◆ Provided information

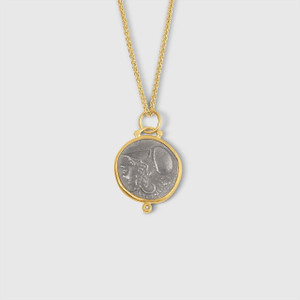 Prehistoric Works Medium Pegasus Charm Pendant Necklace with Athena on Back of Coin Replica 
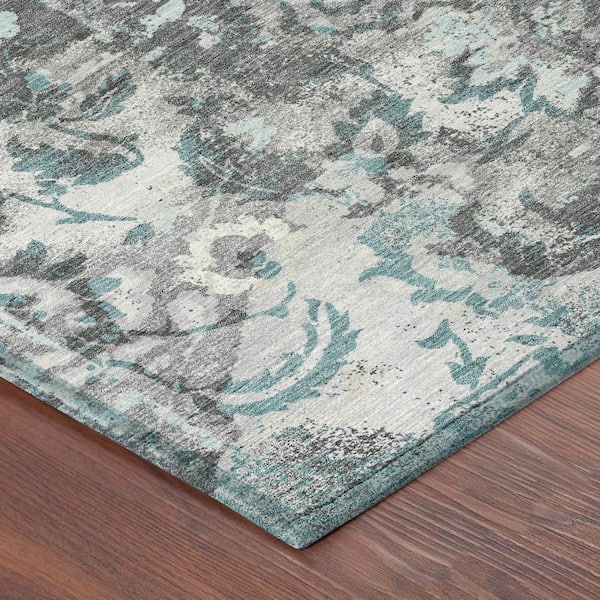 Chantille Machine Washable Indoor/Outdoor Abstract ACN2791 Silver 5 ft. x 7 ft. 6 in. Area Rug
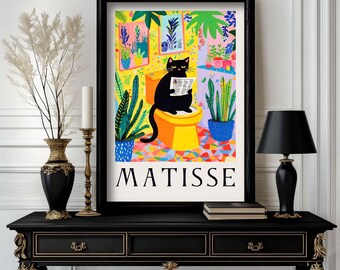 Schwarze Katze in Badewanne und Toilette Poster: Matisse Style Badezimmer Wandkunst.  Bunter Kunstdruck für Badezimmer oder Wohndekor (c018)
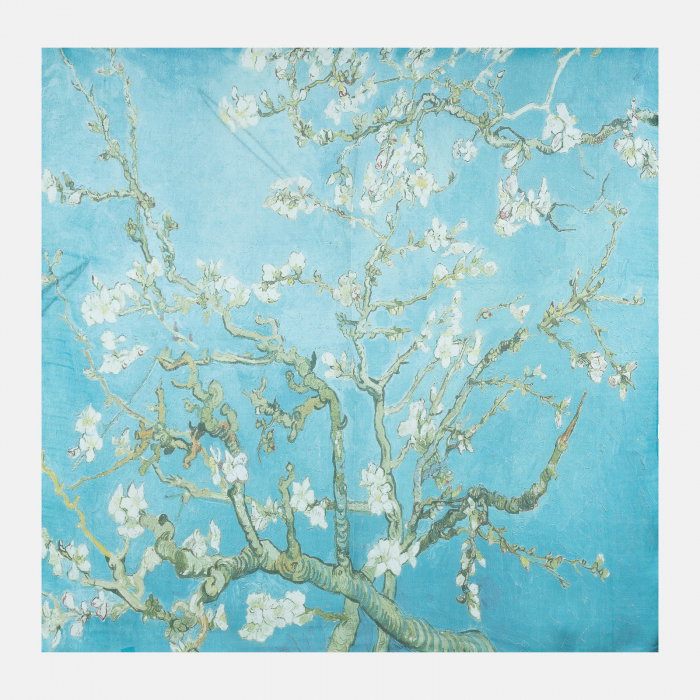 Esarfa patrata cu model inspirat  dupa    Migdal Inflorind   de Van Gogh, albastru deschis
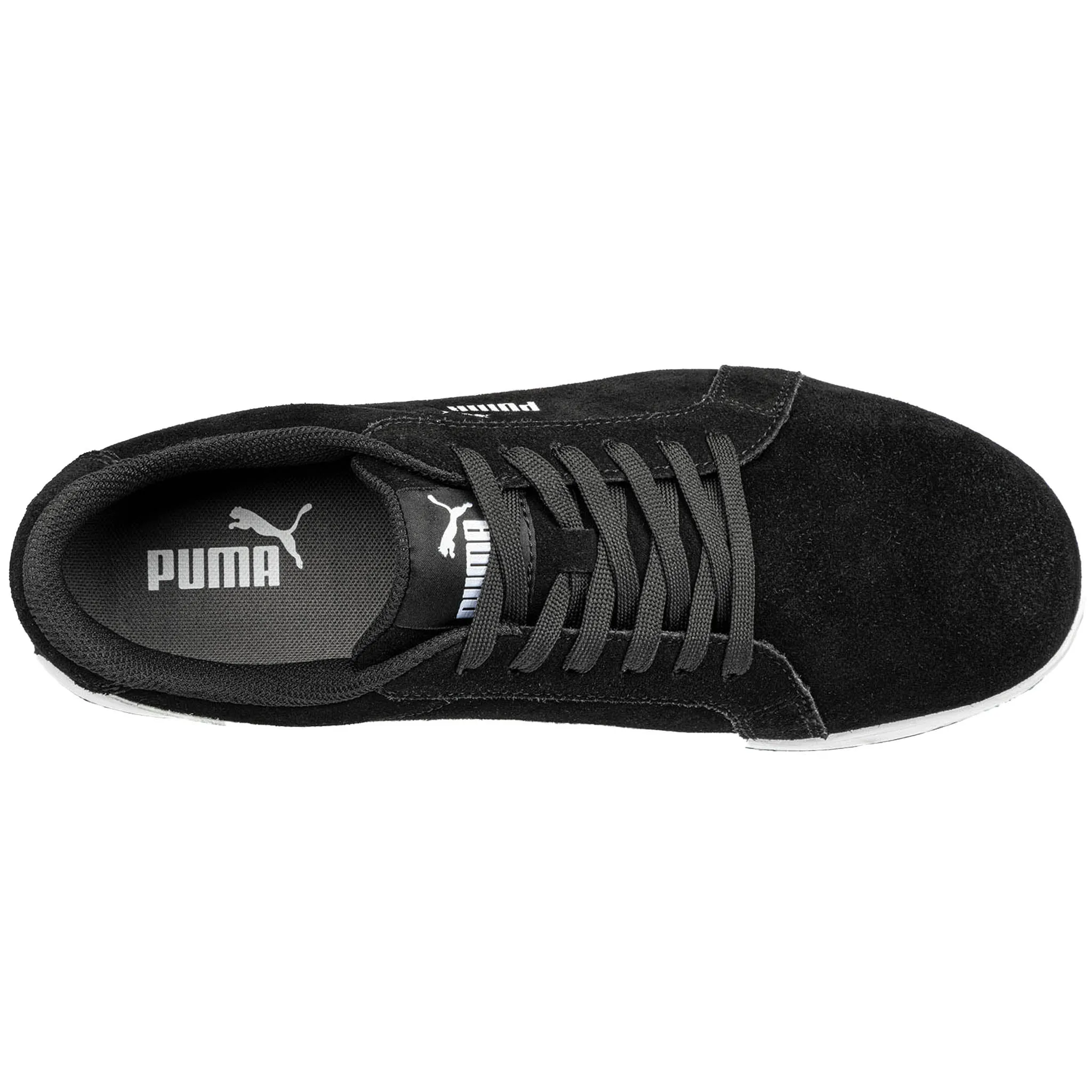 Puma Men's 640015 Iconic Suede Low Black  Composite Safety Toe Metal Free  Work Shoes Closeout Puma Golf Shoes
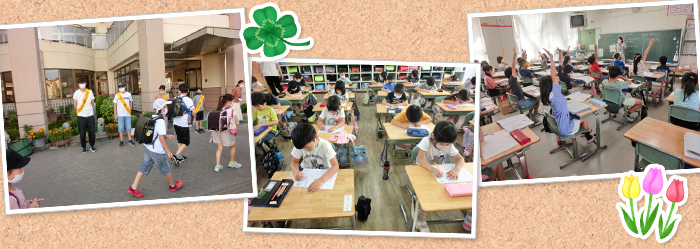 写真3点：（左）登校する児童たち（中央）机に向かい書いている児童たち（右）教室で元気よく手を挙げる児童たち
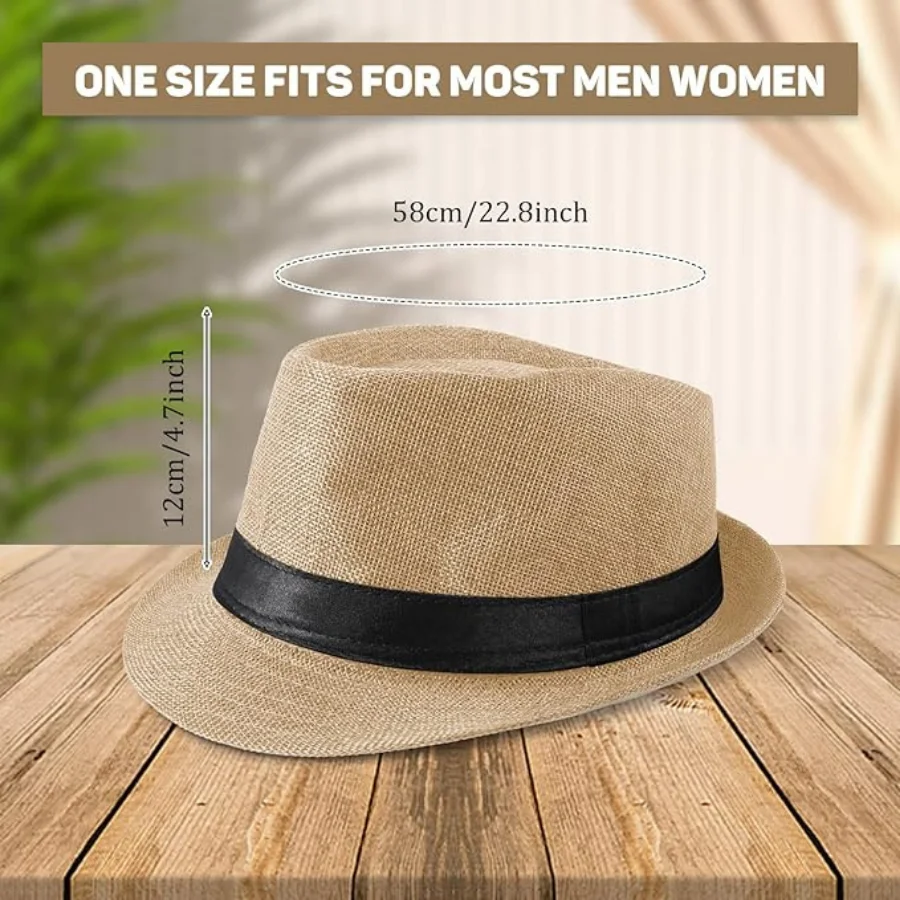 6-48PACK Wedding Straw Fedora Hats for Men Short Brim Panama Hat for Birthday Party Wedding Celebration 58cm view 6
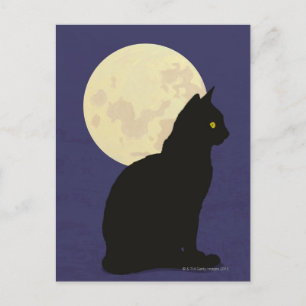 Carte Postale Chat noir et lune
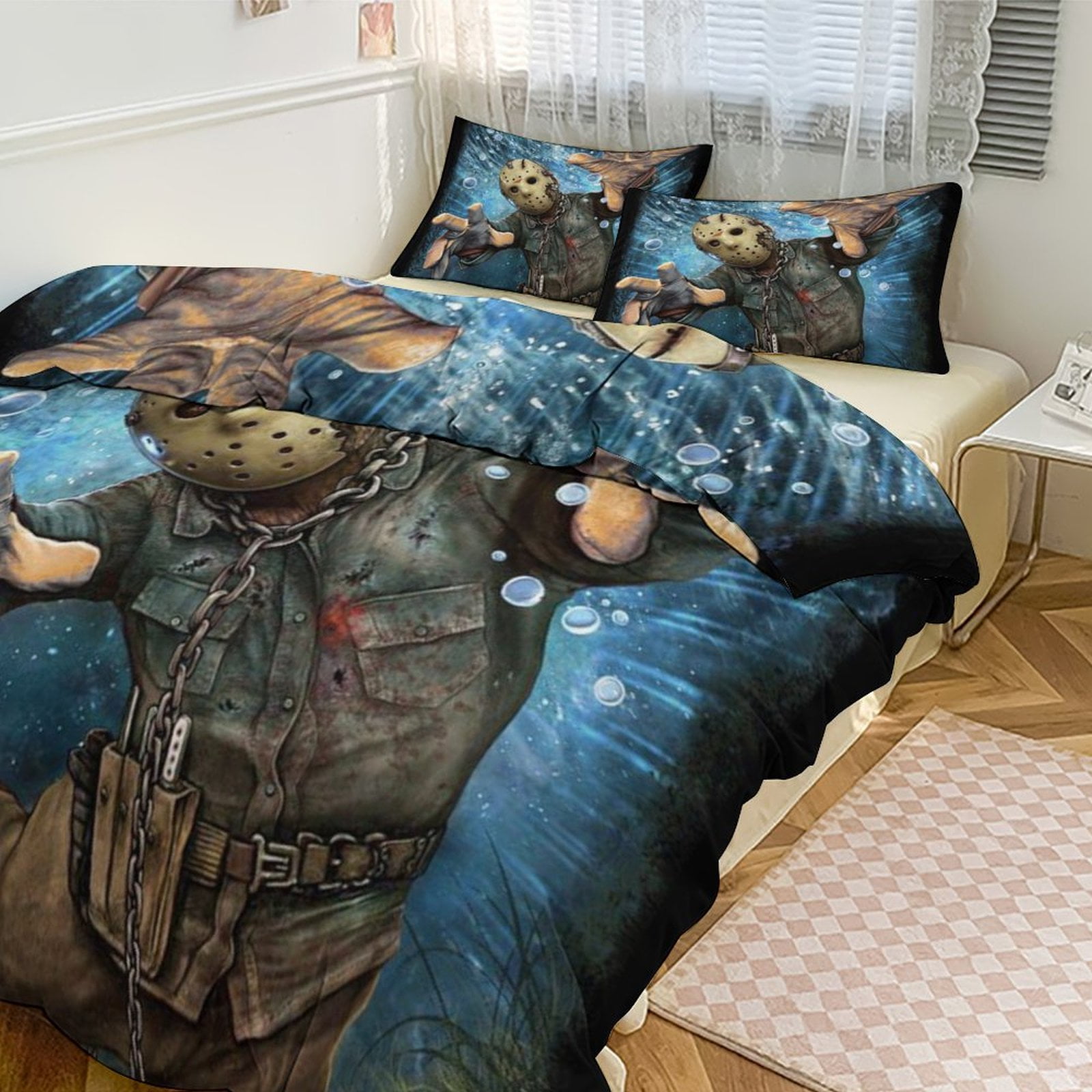 3Pieces Bedding Duvet Cover Set Jason Voorhees Comforter Quilt Set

◆ What the task requires
Without the images, output all the entries exactly as they stand.

◆ Solution to this exercise
 Prehistoric Works Medium Pegasus Charm Pendant Necklace with Athena on Back of Coin Replica 
 Chantille Machine Washable Indoor/Outdoor Abstract ACN2791 Silver 5 ft. x 7 ft. 6 in. Area Rug
 Schwarze Katze in Badewanne und Toilette Poster: Matisse Style Badezimmer Wandkunst.  Bunter Kunstdruck für Badezimmer oder Wohndekor (c018)
 Esarfa patrata cu model inspirat  dupa    Migdal Inflorind   de Van Gogh, albastru deschis
 Puma Men's 640015 Iconic Suede Low Black  Composite Safety Toe Metal Free  Work Shoes Closeout Puma Golf Shoes
 写真3点：（左）登校する児童たち（中央）机に向かい書いている児童たち（右）教室で元気よく手を挙げる児童たち
 6-48PACK Wedding Straw Fedora Hats for Men Short Brim Panama Hat for Birthday Party Wedding Celebration 58cm view 6
 Carte Postale Chat noir et lune
 3Pieces Bedding Duvet Cover Set Jason Voorhees Comforter Quilt Set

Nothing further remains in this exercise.